Otro detalle que destaca es su inminente crítica a los crímenes que se cometieron, bajo el manto de la justicia y de la venganza. Y al igual que en una pesadilla, el escritor se traslada en el tiempo, cuantas veces puede, para ultimar detalles sobre los sucesos que no contó anteriormente, como si la memoria de un anciano reviviera una y otra vez.
Un viejo que ahora recuerda los milagros de un inocente condenado, un villano asesino, un carcelero inhumano, el sadismo de la justicia en un camino largo y doloroso hacia la muerte, por el que todos tendremos que pasar.

 

 

 




El drama, que tituló “Las cenizas de Angela”, no es más que una briografía familiar, donde destaca las penurias de su madre Ángela, de su padre alcohólico y sus hermanitos, tres de los cuales murieron en la miserable vida que sus progenitores les construyeron.
Nadie puede imaginarse que lamer los periódicos llenos de salsa y manteca mitigaron el hambre de McCourt y sus hermanos en muchas ocasiones.

 

Muchas veces es difícil recordar la infancia, especialmente cuando es trágica y miserable. Esa es la historia que envuelve al irlandés Frank McCourt al escribir este libro, después de una clase de literatura y no sin antes derramar muchas lágrimas.

La historia se rescata en los muelles de Nueva York, donde McCourt narra el olor, los barcos, pero en especial los bares donde su infancia se gestó, en los amoríos desordenados de sus padres.
El drama continúa en la tierra de su padre, en Limerik, Irlanda, pueblo donde finalmente terminó de destruirse el fructífero mundo de los McCourt.
Al sumergirse en los primeros dos capítulos encontrará una narración llena de cuadros desgarradores, donde un niño recuerda, sesenta años después, el milagro de seguir viviendo.
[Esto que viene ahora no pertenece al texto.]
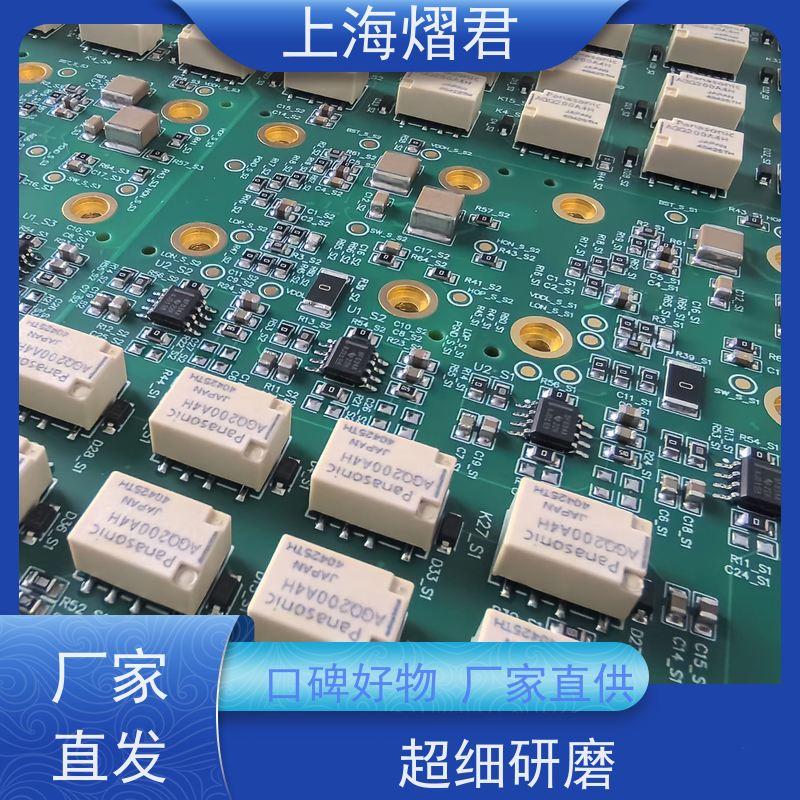 上海 杨浦区 BOM配单 BGA植球 组装生产一站式服务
Sin duda un privilegio obsequiado por la soberbia de su madre, a quien finalmente agradece sus desventuras.

 

Sus aventuras están continuamente inmersas en la responsabilidad de asumir la paternidad en casa, debido al alcoholismo de su padre.
Este es un drama patético que podría arrancar las lágrimas de muchos, y al leer con atención encontrarán a un Frank decidido a no abandonar este mundo.
Frank McCourt dedica sus días a la enseñanza de la escritura, una pasión que le dio la oportunidad de sumergirse en el infierno y saltar a la gloria después de servir entre las tropas norteamericanas, de donde también rescata algunas historias; bueno, en realidad penurias.